By the way, I think we were fully justified in invading Afghanistan.








I have read this...

So what. At one point you say he was involved with AIM and had a lackey break someone's arm. Now you are providing us with an article that disavows any connection with AIM at all. Which is it? Could it be that some folks who were involved with AIM in the late 60s early 70s are no longer involved, or are dead or have had major disagreements along the way about what should be done. Banks, Russell Means and Peltier don't even speak to each other any more. That is sad, in my opinion. Trudell, on the other hand, is still around. (I had the pleasure of meeting him last Saturday in Hollywood Florida at the Native American Music Awards) and still fights the good fight although his wife and children were burned to death in an FBI arson. There is a video, called simply Trudell. It has aired on PBS stations. It is also available from Trudell's web site. It you get a chance, see it. There is so much information out there that no one seems to care much about as regards the American Indian from Columbus to today. The history is always written by the victor and the American Indian history is distorted.
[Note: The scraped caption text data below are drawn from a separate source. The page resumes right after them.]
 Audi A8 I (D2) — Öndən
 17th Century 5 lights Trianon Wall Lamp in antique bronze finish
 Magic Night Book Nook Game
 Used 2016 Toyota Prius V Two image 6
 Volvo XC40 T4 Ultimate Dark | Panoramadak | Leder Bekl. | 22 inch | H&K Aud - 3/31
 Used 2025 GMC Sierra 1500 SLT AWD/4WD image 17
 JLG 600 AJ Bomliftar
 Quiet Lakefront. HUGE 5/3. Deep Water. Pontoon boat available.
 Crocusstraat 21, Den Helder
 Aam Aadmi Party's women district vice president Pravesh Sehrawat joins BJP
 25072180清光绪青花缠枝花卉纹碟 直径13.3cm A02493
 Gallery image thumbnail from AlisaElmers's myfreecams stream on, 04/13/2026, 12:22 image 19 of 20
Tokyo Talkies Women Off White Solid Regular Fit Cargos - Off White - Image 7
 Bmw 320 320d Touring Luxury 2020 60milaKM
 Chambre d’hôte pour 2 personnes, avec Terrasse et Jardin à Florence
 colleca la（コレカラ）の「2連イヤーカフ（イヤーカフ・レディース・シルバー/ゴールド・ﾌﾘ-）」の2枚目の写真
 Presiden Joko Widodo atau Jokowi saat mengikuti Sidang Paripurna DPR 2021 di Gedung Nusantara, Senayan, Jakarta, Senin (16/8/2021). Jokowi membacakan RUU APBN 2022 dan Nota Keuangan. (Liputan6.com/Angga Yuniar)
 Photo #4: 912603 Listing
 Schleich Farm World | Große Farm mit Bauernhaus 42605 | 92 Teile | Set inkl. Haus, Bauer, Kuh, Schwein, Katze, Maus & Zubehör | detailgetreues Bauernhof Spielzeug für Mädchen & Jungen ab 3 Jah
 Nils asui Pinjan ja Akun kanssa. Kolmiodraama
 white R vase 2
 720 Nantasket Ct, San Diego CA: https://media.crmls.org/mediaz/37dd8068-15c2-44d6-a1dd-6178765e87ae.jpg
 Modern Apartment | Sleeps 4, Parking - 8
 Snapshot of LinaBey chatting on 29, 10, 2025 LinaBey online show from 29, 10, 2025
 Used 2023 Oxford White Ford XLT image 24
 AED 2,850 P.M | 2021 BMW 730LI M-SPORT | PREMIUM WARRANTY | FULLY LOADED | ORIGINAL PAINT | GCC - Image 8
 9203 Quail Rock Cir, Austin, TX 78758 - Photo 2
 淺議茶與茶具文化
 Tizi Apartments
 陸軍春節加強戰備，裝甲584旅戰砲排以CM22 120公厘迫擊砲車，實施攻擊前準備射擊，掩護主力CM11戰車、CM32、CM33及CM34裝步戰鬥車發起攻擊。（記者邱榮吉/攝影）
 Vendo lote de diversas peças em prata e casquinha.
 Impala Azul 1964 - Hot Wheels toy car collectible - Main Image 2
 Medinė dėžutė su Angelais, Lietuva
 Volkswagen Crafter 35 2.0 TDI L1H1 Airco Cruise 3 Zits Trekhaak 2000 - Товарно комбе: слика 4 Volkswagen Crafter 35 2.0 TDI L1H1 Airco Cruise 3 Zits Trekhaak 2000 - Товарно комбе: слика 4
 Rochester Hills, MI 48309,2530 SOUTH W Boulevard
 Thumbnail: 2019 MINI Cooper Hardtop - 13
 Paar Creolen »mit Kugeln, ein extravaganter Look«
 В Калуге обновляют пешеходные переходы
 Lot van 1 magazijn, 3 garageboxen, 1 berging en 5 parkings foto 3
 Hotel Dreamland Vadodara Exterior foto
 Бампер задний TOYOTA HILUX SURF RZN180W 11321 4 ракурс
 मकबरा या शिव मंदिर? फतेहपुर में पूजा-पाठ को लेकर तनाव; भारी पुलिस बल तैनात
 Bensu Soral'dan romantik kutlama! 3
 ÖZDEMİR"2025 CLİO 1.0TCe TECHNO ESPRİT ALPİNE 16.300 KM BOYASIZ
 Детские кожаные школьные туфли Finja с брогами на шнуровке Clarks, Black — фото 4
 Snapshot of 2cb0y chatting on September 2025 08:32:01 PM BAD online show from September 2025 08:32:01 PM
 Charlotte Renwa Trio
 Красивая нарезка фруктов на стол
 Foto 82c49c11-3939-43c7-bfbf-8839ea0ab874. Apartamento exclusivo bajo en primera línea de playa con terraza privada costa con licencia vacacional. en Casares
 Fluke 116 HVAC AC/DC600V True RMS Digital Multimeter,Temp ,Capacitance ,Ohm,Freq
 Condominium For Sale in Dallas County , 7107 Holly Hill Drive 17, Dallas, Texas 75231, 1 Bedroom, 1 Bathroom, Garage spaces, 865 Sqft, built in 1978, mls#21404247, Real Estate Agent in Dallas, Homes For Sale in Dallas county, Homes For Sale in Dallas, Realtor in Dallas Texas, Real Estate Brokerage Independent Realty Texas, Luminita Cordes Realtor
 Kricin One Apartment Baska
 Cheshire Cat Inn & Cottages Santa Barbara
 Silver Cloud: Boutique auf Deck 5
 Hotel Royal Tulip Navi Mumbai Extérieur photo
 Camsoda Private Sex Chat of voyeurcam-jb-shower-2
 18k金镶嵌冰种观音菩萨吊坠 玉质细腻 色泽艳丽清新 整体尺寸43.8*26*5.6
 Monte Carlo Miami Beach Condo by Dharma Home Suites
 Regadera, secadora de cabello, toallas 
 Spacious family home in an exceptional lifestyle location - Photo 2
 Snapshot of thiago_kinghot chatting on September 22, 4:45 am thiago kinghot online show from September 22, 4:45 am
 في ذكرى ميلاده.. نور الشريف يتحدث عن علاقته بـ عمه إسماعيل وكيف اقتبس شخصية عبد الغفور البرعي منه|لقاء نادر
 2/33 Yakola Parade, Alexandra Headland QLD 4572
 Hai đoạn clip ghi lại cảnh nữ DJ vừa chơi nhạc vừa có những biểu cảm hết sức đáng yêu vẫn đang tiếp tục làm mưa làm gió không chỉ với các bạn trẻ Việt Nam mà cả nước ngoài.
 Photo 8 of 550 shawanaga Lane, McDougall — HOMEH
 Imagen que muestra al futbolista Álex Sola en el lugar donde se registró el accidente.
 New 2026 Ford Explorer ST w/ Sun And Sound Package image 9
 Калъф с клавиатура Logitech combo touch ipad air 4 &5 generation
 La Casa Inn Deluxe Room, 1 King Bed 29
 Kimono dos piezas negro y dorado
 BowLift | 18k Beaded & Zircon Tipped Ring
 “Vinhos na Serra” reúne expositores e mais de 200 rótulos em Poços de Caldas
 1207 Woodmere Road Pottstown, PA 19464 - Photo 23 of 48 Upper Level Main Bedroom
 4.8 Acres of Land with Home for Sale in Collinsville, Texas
You can read whatever you want...
into what people say. Some are not very tactful and some, like our president, just can't get a syntax together to save their souls. I still think the sentiment was not that these Americans do not want democracy. I still think they thought we **deserved** to be surprised because we have ignored  Middle East history, the British colonization, the politics, the culture, the nature of Islam when, in reality, bearing in mind our support for Israel and our dismissal of the Arab states, it should not have been a surprise. This has been brewing for quite some time. That is not the same thing. I really don't know what those 2 had in their hearts but I truly believe that one saying the US has treated the Arab states badly in the past does not make one a **terrorist** or a communist or a democracy hater. These people attempt to see all sides of things, in all colors, not just black and white. Those are the people who will ultimately garner peace if it is at all possible. It will not come at the barrel of a gun, no matter what has happened in the past.